▶ **WORK TO BE COMPLETED**: Pictures are to be left out; every line from the one with "Colección de Trajes" through the end of the data must be transcribed exactly.

▶ **Records drawn from a dataset**:
====================

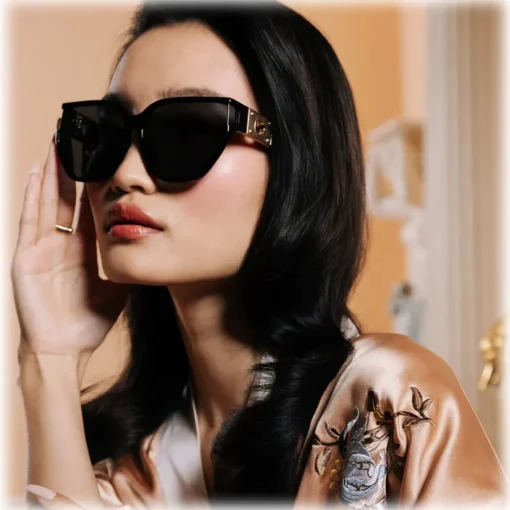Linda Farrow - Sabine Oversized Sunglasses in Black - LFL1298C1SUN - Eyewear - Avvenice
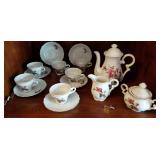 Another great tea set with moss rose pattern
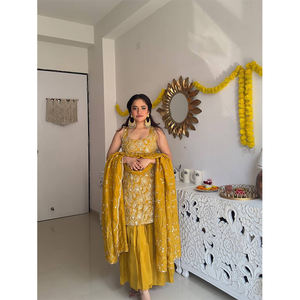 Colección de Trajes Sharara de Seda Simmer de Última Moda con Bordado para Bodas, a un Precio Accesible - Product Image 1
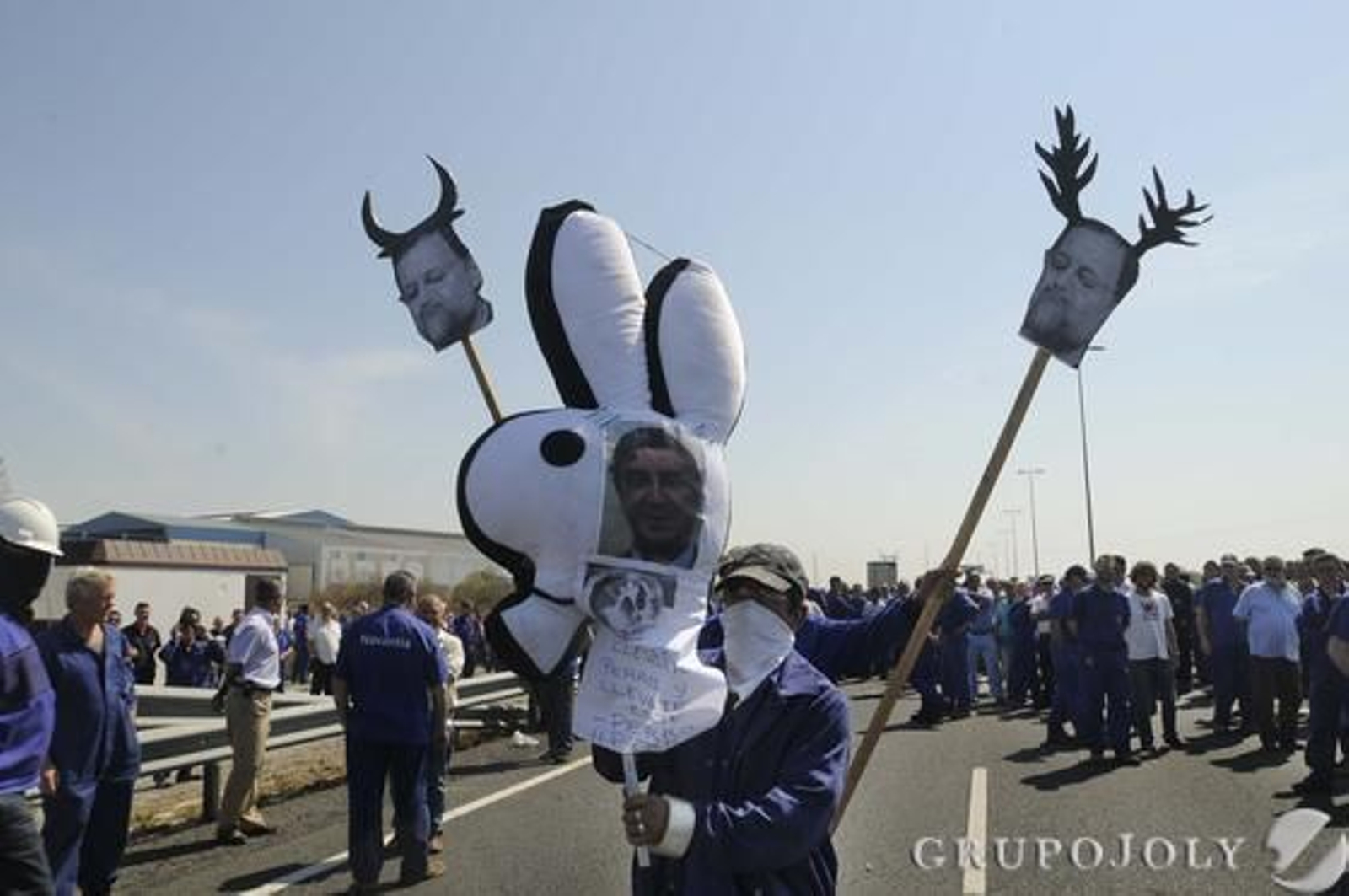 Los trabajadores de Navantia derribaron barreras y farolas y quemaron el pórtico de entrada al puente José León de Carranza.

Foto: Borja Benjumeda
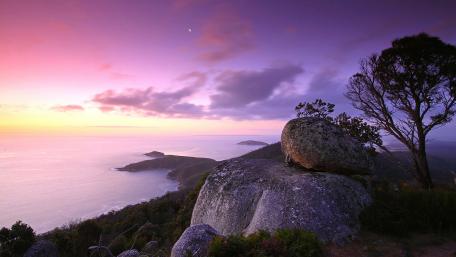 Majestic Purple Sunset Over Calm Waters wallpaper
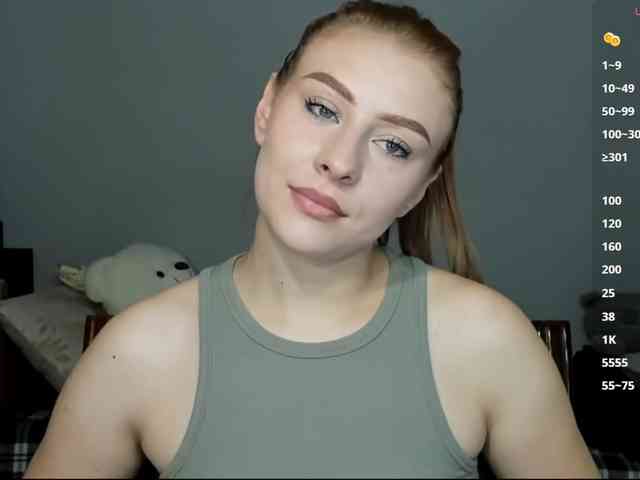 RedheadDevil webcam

====================

▶ **RESPONSE BELOW**:
 Colección de Trajes Sharara de Seda Simmer de Última Moda con Bordado para Bodas, a un Precio Accesible - Product Image 1
 Los trabajadores de Navantia derribaron barreras y farolas y quemaron el pórtico de entrada al puente José León de Carranza.

Foto: Borja Benjumeda
 Majestic Purple Sunset Over Calm Waters wallpaper
 RedheadDevil webcam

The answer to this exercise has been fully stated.